Aim of the task:
Nothing below is to be printed except the lines between the line holding "Bursa İpek Kırmızı Nakışlı Kışlık Şal" and the line holding "A Second Home", inclusive, each exactly as it appears.

Information provided:
____

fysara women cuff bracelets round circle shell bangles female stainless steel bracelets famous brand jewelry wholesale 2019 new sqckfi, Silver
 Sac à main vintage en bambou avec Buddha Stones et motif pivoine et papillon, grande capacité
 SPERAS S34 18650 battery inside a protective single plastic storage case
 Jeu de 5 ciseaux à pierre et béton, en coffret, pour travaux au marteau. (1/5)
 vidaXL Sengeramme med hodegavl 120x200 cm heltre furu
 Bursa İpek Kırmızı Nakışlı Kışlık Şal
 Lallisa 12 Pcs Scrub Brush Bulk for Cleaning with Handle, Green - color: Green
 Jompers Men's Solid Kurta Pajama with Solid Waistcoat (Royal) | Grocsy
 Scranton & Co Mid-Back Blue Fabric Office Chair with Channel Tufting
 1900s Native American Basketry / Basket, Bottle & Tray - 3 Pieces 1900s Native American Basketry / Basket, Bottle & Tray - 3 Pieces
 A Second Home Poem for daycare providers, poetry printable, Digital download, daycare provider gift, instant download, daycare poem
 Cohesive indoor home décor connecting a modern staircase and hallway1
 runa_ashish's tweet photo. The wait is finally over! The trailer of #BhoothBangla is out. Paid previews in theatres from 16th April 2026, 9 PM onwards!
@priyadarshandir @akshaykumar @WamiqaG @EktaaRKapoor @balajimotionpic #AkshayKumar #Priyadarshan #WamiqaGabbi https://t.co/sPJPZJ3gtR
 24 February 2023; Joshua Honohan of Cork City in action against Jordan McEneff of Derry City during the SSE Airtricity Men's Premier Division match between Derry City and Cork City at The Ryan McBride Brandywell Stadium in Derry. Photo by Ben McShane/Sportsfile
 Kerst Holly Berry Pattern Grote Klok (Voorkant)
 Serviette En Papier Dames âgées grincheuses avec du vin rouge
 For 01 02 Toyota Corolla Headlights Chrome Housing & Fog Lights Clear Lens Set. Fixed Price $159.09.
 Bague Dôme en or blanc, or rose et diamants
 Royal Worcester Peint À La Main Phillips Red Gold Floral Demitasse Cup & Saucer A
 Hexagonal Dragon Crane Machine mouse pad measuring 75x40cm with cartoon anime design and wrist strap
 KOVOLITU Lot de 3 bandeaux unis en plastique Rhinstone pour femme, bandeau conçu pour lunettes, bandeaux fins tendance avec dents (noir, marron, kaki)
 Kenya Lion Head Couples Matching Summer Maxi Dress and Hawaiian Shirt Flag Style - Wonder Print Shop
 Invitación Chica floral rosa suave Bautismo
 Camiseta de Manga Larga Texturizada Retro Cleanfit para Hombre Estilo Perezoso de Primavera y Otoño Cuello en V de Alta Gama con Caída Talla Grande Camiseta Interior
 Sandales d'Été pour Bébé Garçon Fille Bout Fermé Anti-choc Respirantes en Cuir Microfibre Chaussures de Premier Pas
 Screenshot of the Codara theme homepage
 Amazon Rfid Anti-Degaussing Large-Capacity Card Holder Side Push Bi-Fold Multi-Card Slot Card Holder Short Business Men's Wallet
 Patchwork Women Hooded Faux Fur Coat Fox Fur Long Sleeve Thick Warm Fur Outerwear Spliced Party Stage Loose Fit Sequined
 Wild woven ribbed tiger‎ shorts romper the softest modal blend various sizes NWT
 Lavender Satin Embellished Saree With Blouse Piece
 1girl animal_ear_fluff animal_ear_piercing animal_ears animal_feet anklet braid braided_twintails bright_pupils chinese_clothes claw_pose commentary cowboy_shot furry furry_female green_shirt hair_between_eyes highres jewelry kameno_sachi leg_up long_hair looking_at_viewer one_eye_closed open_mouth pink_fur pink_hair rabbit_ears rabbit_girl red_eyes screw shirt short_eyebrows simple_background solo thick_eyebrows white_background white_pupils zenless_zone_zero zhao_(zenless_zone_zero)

____

Response to the exercise:
 Bursa İpek Kırmızı Nakışlı Kışlık Şal
 Lallisa 12 Pcs Scrub Brush Bulk for Cleaning with Handle, Green - color: Green
 Jompers Men's Solid Kurta Pajama with Solid Waistcoat (Royal) | Grocsy
 Scranton & Co Mid-Back Blue Fabric Office Chair with Channel Tufting
 1900s Native American Basketry / Basket, Bottle & Tray - 3 Pieces 1900s Native American Basketry / Basket, Bottle & Tray - 3 Pieces
 A Second Home Poem for daycare providers, poetry printable, Digital download, daycare provider gift, instant download, daycare poem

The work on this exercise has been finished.